Aria była zaskoczona
coraz bardziej z każdym kolejnym słowem mężczyzny. Nie spodziewała się, że
Athan żył w tak podłych warunkach.
— A nie wspominał o
nikim z imienia? — zapytała, podnosząc się powoli z fotela, by przejść się po
pokoju od jednego regału z książkami, do drugiego. Była niespokojna i miała
wrażenie, że im bardziej drąży tym mniej się dowiaduje.

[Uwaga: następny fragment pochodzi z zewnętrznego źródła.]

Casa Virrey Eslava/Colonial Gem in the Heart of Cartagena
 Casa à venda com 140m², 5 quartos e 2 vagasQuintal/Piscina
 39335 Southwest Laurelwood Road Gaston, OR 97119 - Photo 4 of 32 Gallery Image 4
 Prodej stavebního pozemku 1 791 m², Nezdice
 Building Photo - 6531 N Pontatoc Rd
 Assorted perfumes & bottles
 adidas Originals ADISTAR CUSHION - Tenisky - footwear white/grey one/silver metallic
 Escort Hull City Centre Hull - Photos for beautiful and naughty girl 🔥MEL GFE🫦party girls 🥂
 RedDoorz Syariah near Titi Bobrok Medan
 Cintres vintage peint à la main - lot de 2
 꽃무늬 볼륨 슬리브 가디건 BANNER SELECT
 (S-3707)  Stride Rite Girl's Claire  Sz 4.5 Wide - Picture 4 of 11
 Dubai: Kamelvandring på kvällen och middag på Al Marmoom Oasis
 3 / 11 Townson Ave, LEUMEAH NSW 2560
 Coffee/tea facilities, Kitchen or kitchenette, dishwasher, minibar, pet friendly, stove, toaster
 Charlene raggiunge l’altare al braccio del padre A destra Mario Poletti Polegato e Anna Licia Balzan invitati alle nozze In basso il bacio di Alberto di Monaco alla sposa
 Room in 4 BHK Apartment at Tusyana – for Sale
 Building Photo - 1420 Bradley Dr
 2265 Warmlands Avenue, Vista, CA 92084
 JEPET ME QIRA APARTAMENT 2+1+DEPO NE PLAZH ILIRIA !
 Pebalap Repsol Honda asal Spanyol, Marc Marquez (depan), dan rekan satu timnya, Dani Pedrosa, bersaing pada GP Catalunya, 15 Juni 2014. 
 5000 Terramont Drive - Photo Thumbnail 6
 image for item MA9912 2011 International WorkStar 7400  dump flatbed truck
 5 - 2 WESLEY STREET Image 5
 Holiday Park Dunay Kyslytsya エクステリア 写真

Profesor zmarszczył brwi, intensywnie się nad czymś
zastanawiając.
— Niestety, nie
przypominam sobie. O swoich rodzicach mówił z taką nienawiścią, że bałem się o
cokolwiek dopytywać. Rodzeństwa raczej nie miał, o żadnych przyjaciołach czy
innych bliskich nic mi nie wiadomo. Zawsze było mi go żal — dodał, markotniejąc
na moment — bo jakby się zastanowić, wcale się nie dziwię, że tak stronił od
ludzi, skoro krzywdziła go najbliższa rodzina. Oczywiście nie chcę tu wysnuwać
żadnych wniosków — dodał pospiesznie — bo zwyczajnie niewiele wiem o
Athanasiusie. Ale odkąd go znam, był typem obsesyjnego samotnika. Rad jestem,
że dziś się to choć trochę zmieniło... choć nie aż tak, z tego co pani mówi —
dodał, uśmiechając się smutno.
Ben Whitloov okazał
się sympatycznym mężczyzną, z którym można było porozmawiać nie tylko o
Athanasiusie. Aria spędziła z nim kilka godzin i gdyby nie to, że miała inne
sprawy w Londynie, to zostałaby dłużej.
— Było mi niezwykle
miło pana poznać. Mam nadzieję, że jeszcze się zobaczymy. — uścisnęła mu dłoń
na pożegnanie, życząc przy tym pomyślności. Opuściła gabinet w zaskakująco
dobrym nastroju, choć dowiedziała się o Athanie dość nieprzyjemnych rzeczy.
Powrót do Londynu zajął jej znacznie więcej czasu niż droga do Edynburga, a to
dlatego że przez całą podróż rozmyślała o tym, czego zdołała się dowiedzieć.